Car dés le printemps il fait très chaud à Séville. Les températures maximales moyennes peuvent dépasser 28°C en mai ; les pics records de juillet et août dépassent les 45°C ; vous ferez cuire un œuf sur le capot de votre voiture, c'est original et écologique.
Je vous dis ça pour vous prévenir ; vous réaffirmer que vous apprécierez ces fameux « velums », les mêmes que les Romains tendaient au-dessus de leurs amphithéâtres et arènes ; que vous comprendrez mieux pourquoi on visite autant d'églises : il y a de quoi s'asseoir et la température baisse de 10 ou 15 degrés.
Grande rue commerçante, la rue Sierpes est un incontournable du centre puisque vous serez amenés à l'emprunter souvent : elle est pratique, rectiligne, piétonne et
couverte de "vélums" dont vous apprécierez l'ombre et les quelques degrés en moins qu'ils procurent. Autour de cet axe partent nombre de rues où abondent boutiques, bars à tapas, restaurant et
pensions. Ce réseau est le cœur battant de la ville, grouillant d'activité sauf à l'heure de la sieste où tout s'arrête ou presque. On trouve de tout dans ces rues, de l'éventail à quelques euros
à la statue en bois à 40 000, du "bellota" jusqu'aux confiseries traditionnelles de La Campana (à l'angle de Sierpes et d'Alfonso XIII), de l'affiche d'une "feria" (chez Felix Cartelismo sur
l'Avenida de la Constitución) à la carte postale, des marques de prêt à porter internationales ou espagnoles à tous les prix, LE disquaire pour le flamenco et la musique espagnole (Compas Sur,
près de la plaza del Salvador et tout ça réuni à El Corte Inglès -dont je conseille les "platos preparados" bons et pas chers-sur Alfonso XIII au débouché de la calle Tetuán.
Autres endroits à visiter : l'église del Salvador, la chapelle San José, la Magdalena, la Macarena, etc ; le musée des Beaux-Arts, gratuit, avec une église baroque qui expose Murillo, un beau cloître et des tableaux de Valdés Leal, et les deux peintres géniaux que sont Ribera et Zurbarán ; Triana le quartier "gitan" et des céramistes avec l'église Santa Ana d'où part une des processions les plus ferventes de la Semaine sainte ; la Torre del Oro, la Maestranza les arènes de Séville, le beau palais Lebrija, les Archives des Indes, le musée archéologique, San Telmo, San Leandro, théâtre Lope de Vega et allez boire un verre dans le luxueux hôtel Alfonso XIII, un édifice néo-mudéjar.
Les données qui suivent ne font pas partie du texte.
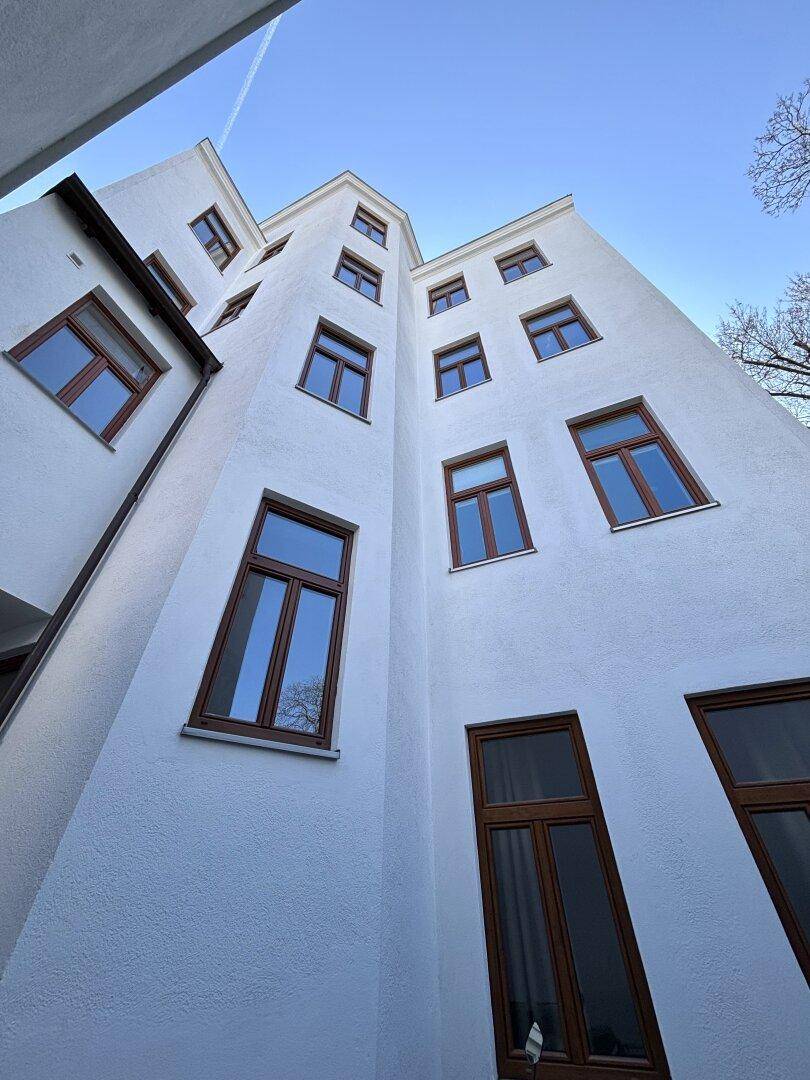 Innenhofansicht eines hohen Altbaus mit vielen Fenstern und weißer Fassade unter blauem Himmel.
Aux environs n'oubliez la visite des ruines d'Itálica (le lieu de naissance de l'empereur Hadrien alors un peu de respect) et de son amphithéâtre très impressionnant, et le musée d'art contemporain dans la Isla de la Cartuja.
Enfin à Séville vous n'êtes pas loin de la merveilleuse ville de Carmona (45 mn de route) et de la côte atlantique avec le fameux parc de Doñana (70/90 mn de route).
Si l'utilisation de la voiture reste possible dans presque tout le centre historique de Séville, permettez-moi de vous donner le conseil de ne pas l'utiliser mais plutôt de bien la garer, par exemple dans le parking souterrain de Triana juste à côté du pont Isabel II. C'est un budget, mais c'est aussi celui de la tranquillité. Le centre historique a d'assez grandes dimensions, mais le terrain est plat et la plupart des visites se font à pied sans difficultés. De plus, le réseau de transports en commun dessert les sites les plus éloignés comme la plaza de España ou la Isla de la Cartuja.